Regency TR-6 AM Radio

 


The 1957 Regency TR-6 AM broadcast band radio is one of the earliest examples of transistor radio technology. Designed by Regency Electronics (then known as I.D.E.A.), it followed by only two years the famous Regency TR-1, the first production transistor "pocket" radio. The TR-6 is not well known, but is among the most collectable of early transistor radios because it featured a large 4" speaker and had an all-leather case, rather than the fragile plastic case that characterized other radios of the genre.

Regency Electronics was the brainchild of former RCA employees, Joe Weaver and John Pies. The parent company, Industrial Development Engineering Associates (I.D.E.A), was incorporated in 1947, the same year Bell Labs scientists Shockley, Bardeen and Brattain invented the transistor.

In October, 1954, Regency brought to market the world's first transistor radio, the TR-1, and less than two years later, the world's first transistor amateur product, the ATC-1 converter. One year later, the TR-6 was introduced.

 Description: The TR6 was based on a conventional AM superheterodyne design with a mixer/oscillator, two stages of 455 kHz IF amplification, diode detector, and a push-pull audio amplifier. By the time it was introduced, Regency had abandoned the 22.5V battery of the TR-1 and had settled on a 9V battery, which became the industry standard.

Top view of the TR-6 circuit board. The oscillator/mixer transistor is visible on the left, next to the tuning capacitor. The two-transistor IF amplifer stages are in in the center and to the right (underneath the audio transformer), and the push-pull audio output transistors can be seen, heatsinked to a metal bracket. The TR-6 used only two electrolytic capacitors (one of which is the aluminum can in the center.) Capacitor failure was a significant problem in the TR-1, so this economy of design was an important advance.  The radio shown here is completely functional and still uses the original capacitors.

The TR-6 used a sheet metal chassis which supported the single-sided printed circuit board. The chassis slides into the leather case and is secured by two screws on the side. An AM ferrite rod antenna provides good sensistivity across the broadcast band.

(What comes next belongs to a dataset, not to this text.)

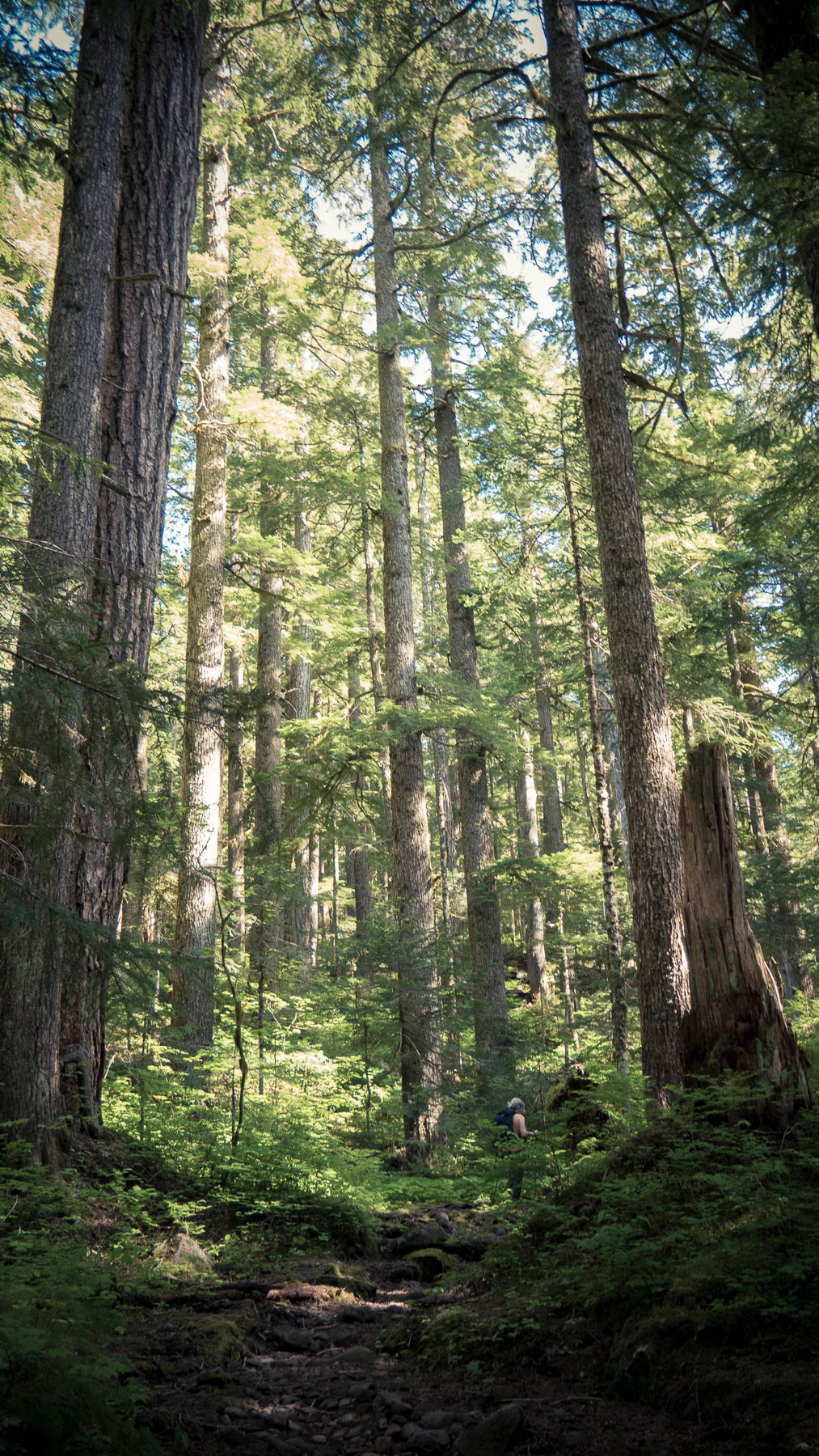 06-larchmtn-14.jpg
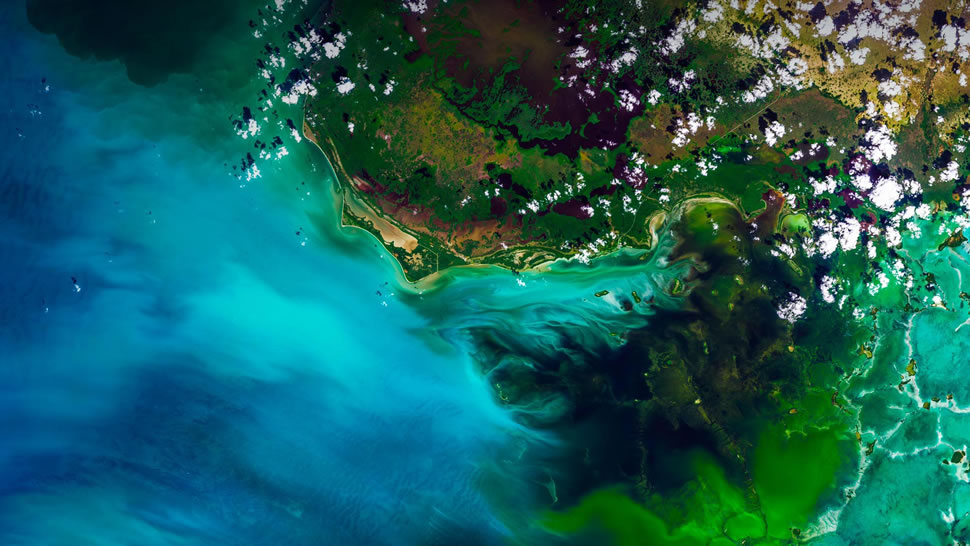 大沼泽地国家公园的卫星视图，佛罗里达州 (© Satellite Earth Art/Aurora Photos)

In the mid-fifties, the transistor's advantage over vacuum tubes was primarily in simple, portable applications, where size and power consumption were important but performance secondary. For most applications, vacuum tubes had a head start of nearly a half century, and it seemed highly improbable that transistor technology could ever catch up. Transistor usage in r.f. applications was initially slow to develop because current gain of early Ge transistors was so low. Transistors used in the TR-6 were color marked on top of their cases, showing they had been hand-selected for the application.

 

Printed circuit boards had been invented in the 1940s, but it took about a decade for them to find use in consumer electronics. This circuit board was fabricated out of a phenolic material and is quite sturdy and well-made. Contemporary circuit board technology often uses many layers of printed patterns, with the top and bottome layers coated with a solder mask (to prevent solder bridges) and a silkscreened pattern that shows the component outlines and schematic ID labels.

The TR-6 shown here did not work when I acquired it. I worried that one or more of the irreplaceable transistors might be bad, but the problem turned out to be bad contacts caused by oxidation between the brass rivets and the sheet metal chassis. Aligning the radio took only a few minutes. What surprised me was the quality of the sound, which is fully as rich as that from standard 5-tube AM radios of the 1950s, and better than that of most clock radios of the era. When I first turned it on, after it had sat silent for forty years, it came up on the frequency of a local "golden oldies" station playing "Teen Angel."